- **DATA PROVIDED**
──────
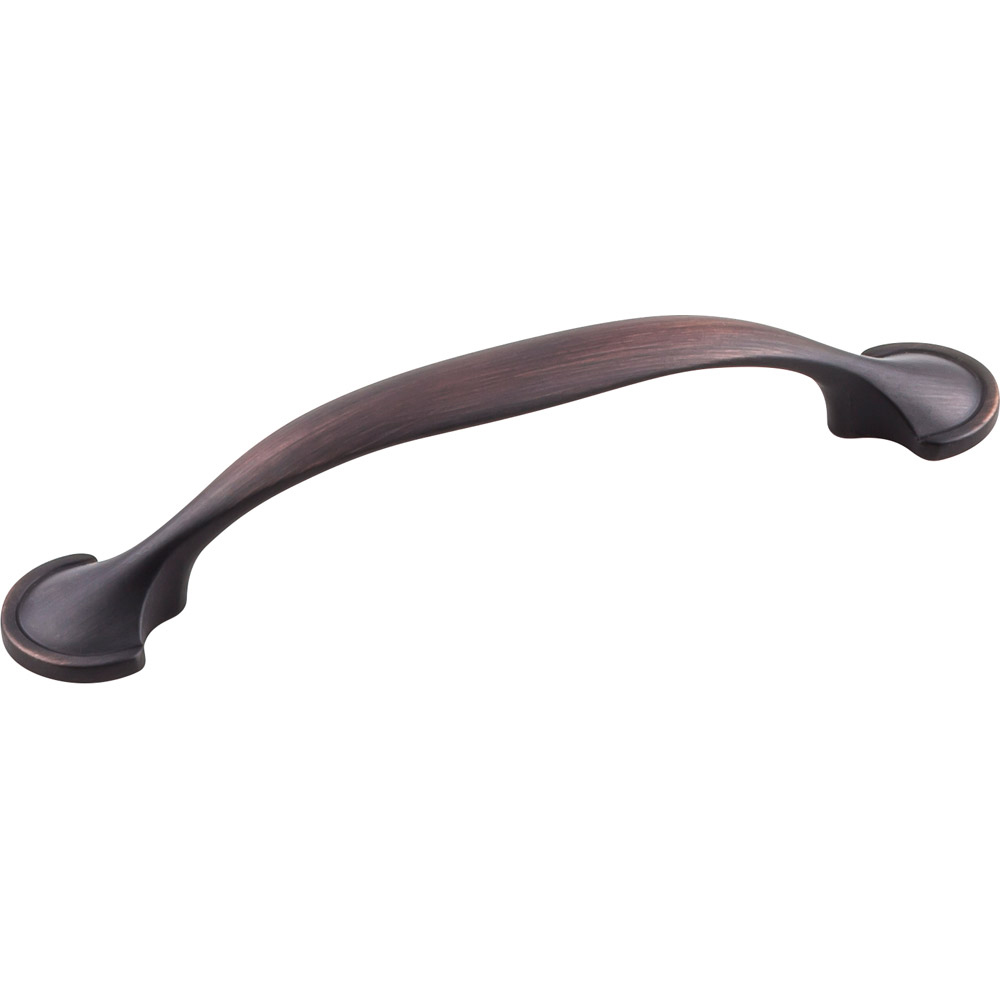 product: Hardware Resources Watervale Pull, 96 mm C/C, Brushed Oil Rubbed Bronze shown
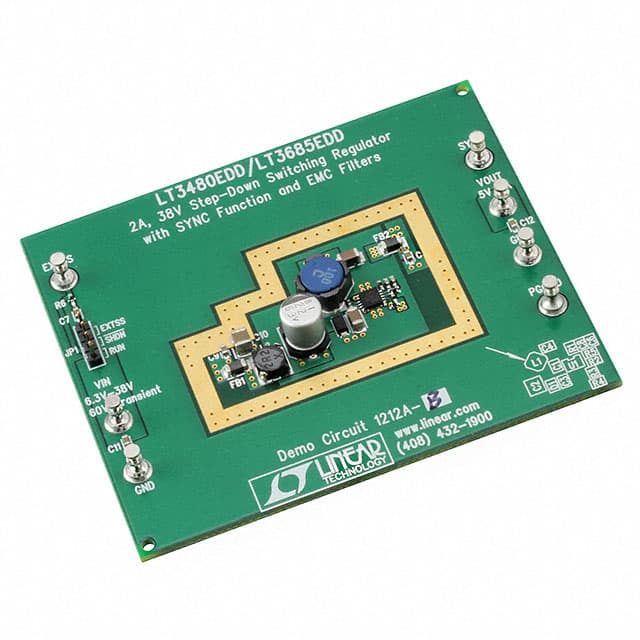 DC1212A-B BOARD EVAL FOR LT3685EDD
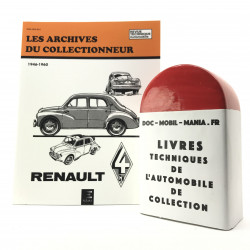 ARCHIVES DU COLLECTIONNEUR RENAULT 4CV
──────
- **YOUR GOAL**
Please output the data above exactly as given, omitting every picture.

- **OUTPUT BELOW**
 product: Hardware Resources Watervale Pull, 96 mm C/C, Brushed Oil Rubbed Bronze shown
 DC1212A-B BOARD EVAL FOR LT3685EDD
 ARCHIVES DU COLLECTIONNEUR RENAULT 4CV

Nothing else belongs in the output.